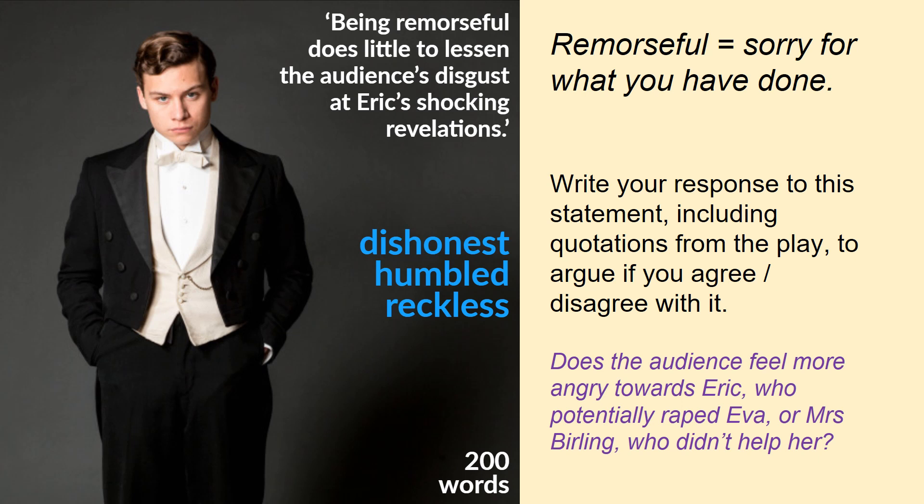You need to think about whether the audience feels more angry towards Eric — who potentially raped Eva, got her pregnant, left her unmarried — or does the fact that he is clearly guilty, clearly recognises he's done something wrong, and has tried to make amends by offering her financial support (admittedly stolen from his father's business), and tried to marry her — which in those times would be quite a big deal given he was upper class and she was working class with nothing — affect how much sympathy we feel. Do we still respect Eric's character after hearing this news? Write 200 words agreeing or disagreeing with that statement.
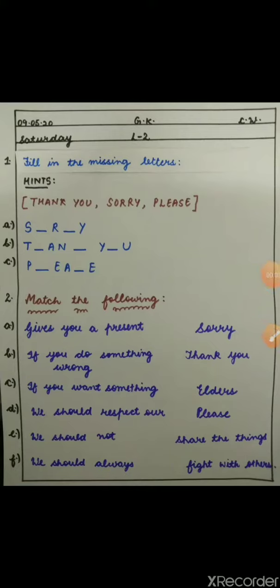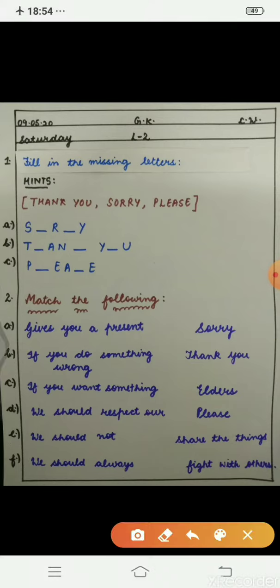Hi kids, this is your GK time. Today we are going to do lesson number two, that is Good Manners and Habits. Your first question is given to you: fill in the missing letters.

==

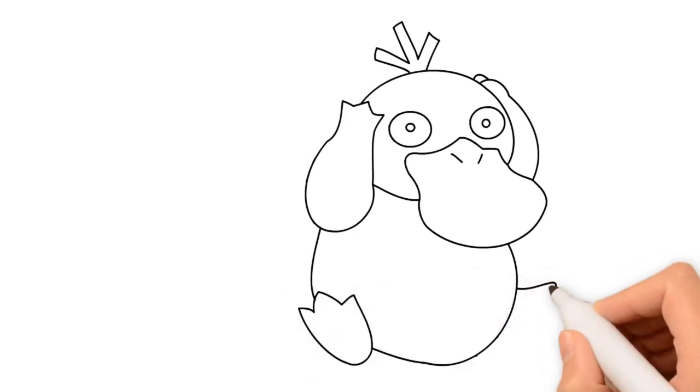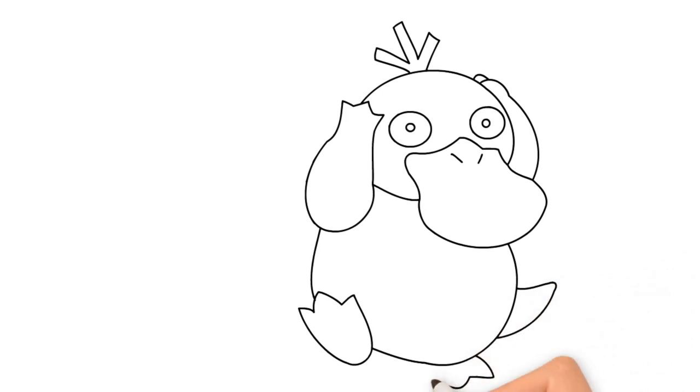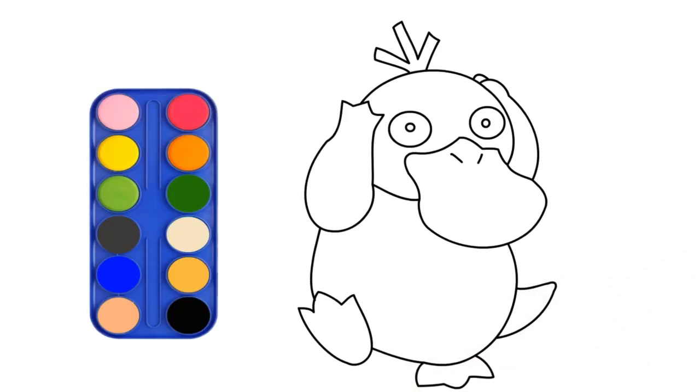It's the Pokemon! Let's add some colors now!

* [WHAT IS EXPECTED]
Write down exactly what the lines above say, from the line holding "You need to" through the line holding "Hi kids, this", and nothing more. Do not copy the pictures.

* [RESPONSE BOX]
You need to think about whether the audience feels more angry towards Eric — who potentially raped Eva, got her pregnant, left her unmarried — or does the fact that he is clearly guilty, clearly recognises he's done something wrong, and has tried to make amends by offering her financial support (admittedly stolen from his father's business), and tried to marry her — which in those times would be quite a big deal given he was upper class and she was working class with nothing — affect how much sympathy we feel. Do we still respect Eric's character after hearing this news? Write 200 words agreeing or disagreeing with that statement.
Hi kids, this is your GK time. Today we are going to do lesson number two, that is Good Manners and Habits. Your first question is given to you: fill in the missing letters.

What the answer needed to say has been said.